TRIESTE - Nelle intenzioni del fotografo, le gigantografie si staccano dalle pareti e scendono ad abbracciare lo spettatore, per poi tornare al muro. E' la "dimensione del sogno, è oniricità; la foto è una giovane arte, è utile portarla per strada e farla conoscere il più possibile". Così Maurizio Galimberti, spiega la retrospettiva inaugurata nell'esclusivo borgo di Portopiccolo, fuori Trieste, ricavato tra le falesie cantate da Erich Maria Rike.
Si tratta di 16 iconiche opere, in esposizione fino al 19 Settembre, "Esterno d'autore: fotografie nel borgo". Immagini "en plein air" lavoro di una vita, cui si aggiungono 4 nuove opere al chiuso di ritratti di animali e una stilizzata rappresentazione della propaganda cinese. Seguendo il personale stile caleidoscopico e frammentario, moltiplicatore di frazioni di immagini, rifacendosi alla frettolosa velocità del tono futurista di Boccioni, per arrivare al 'Nudo che scende le scale' di Duchamp, Galimberti innerva la placidità del borgo di nervosi scatti dove da un muro occhieggia la sobrietà di Sting dall' altro l'allegria della Vucciria, una Lady Gaga concentrata e la fragilità della vecchiaia in Lalla Romano. E poi Parigi, Roma, Marrakech, Clooney, Sherer, Bardem.
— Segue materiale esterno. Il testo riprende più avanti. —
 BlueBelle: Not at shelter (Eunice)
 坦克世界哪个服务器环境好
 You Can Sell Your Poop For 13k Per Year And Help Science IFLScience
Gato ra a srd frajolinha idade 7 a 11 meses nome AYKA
Galimberti rifiuta l'etichetta di cubismo o di tratto picassiano, parla di 'ready made' e si inoltre entusiasticamente lungo un percorso che dalla fotografia scivola nella pittura: dinamica "che diventa realtà con la possibilità di modificare colori e alterare la realtà" della foto. E' un "riappropriarsi: prendi un soggetto, lo abbracci e quando hai finito gli hai dato un'altra fisicità". Citando Doisneau, precisa: "Il mio progetto non è porre domande ma lasciare allo spettatore dare una risposta".
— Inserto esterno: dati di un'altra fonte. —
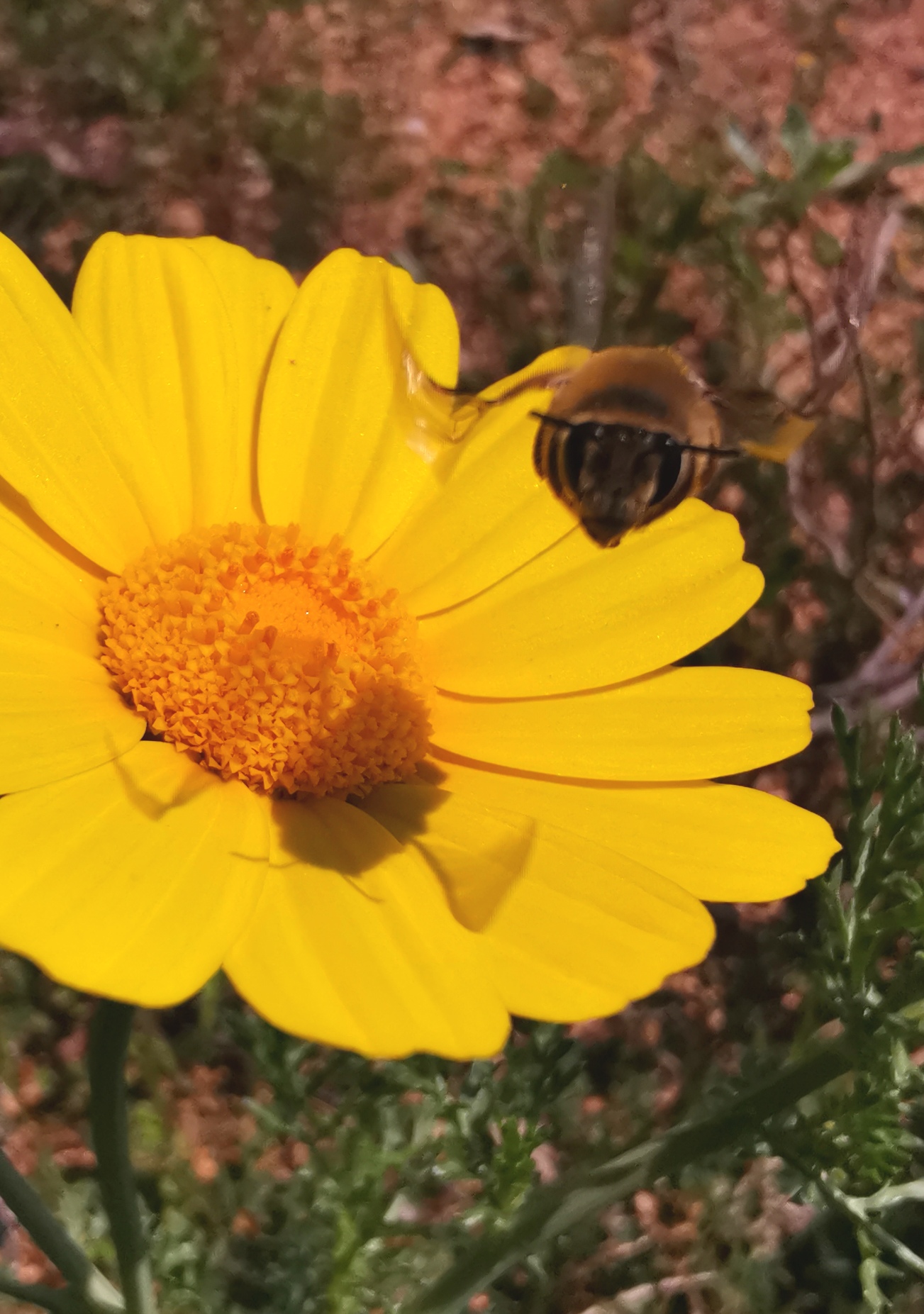 Calabrone su margherita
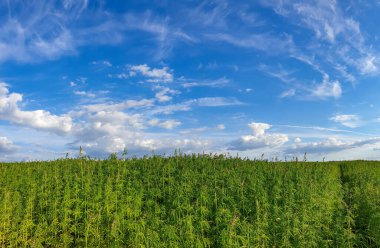 Bulutlu gökyüzünün altında güzel bir kenevir tarlası.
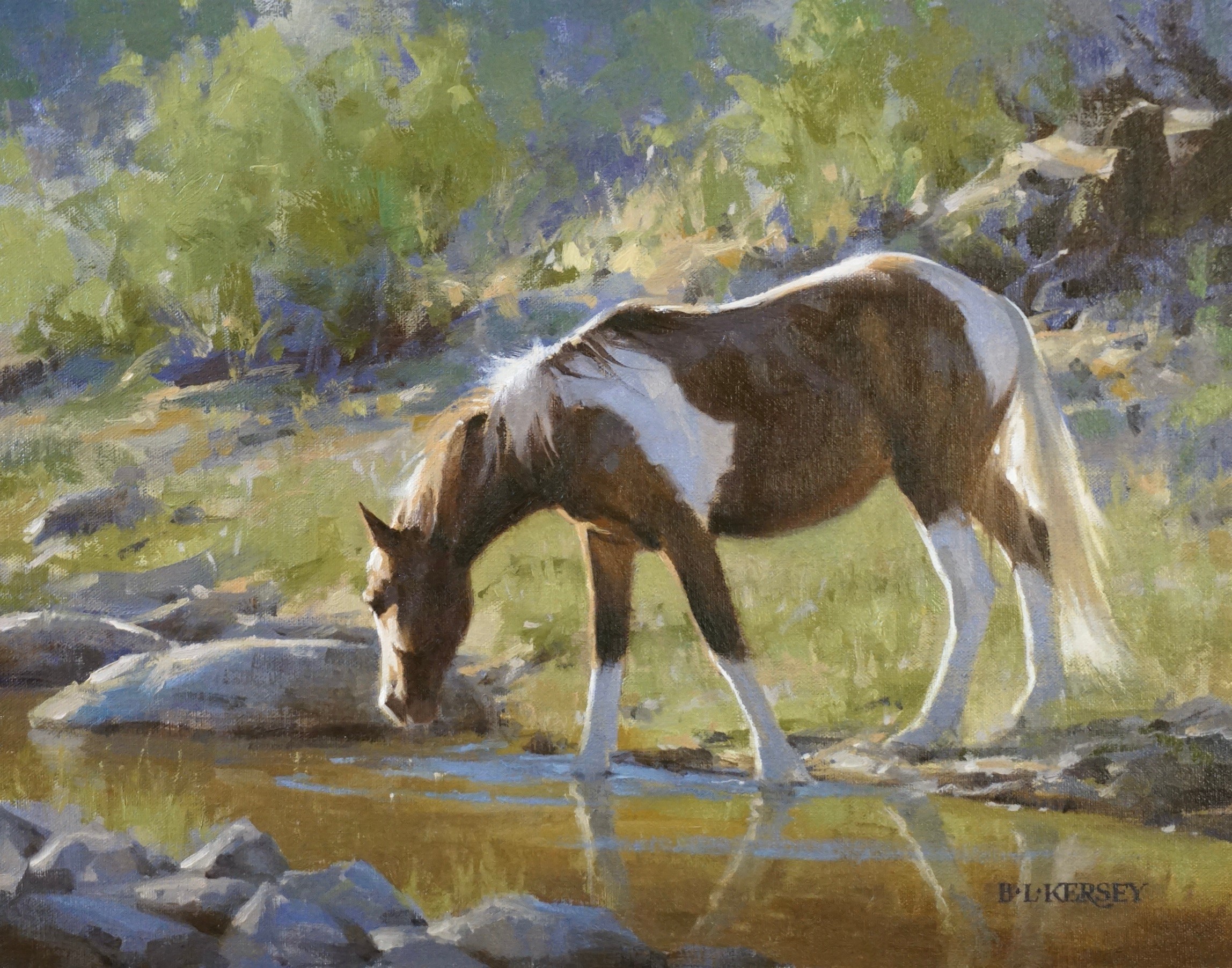 A horse with a white and brown coat drinks water from a stream in a natural setting.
Galimberti ha appena presentato un libro, "Inside the cathedral of work" (Marsilio) con Fontana Group, attende il 7 luglio data dell'uscita di una sua biografia e con Paolo Ludovici ha in cantiere un progetto e un libro sulla strage di Marcinelle, "una carezza buona a queste persone morte barbaramente. Mi manca il duro mestiere del fotoreporter, questo è anche un omaggio ai fotoreporter morti". (ANSA).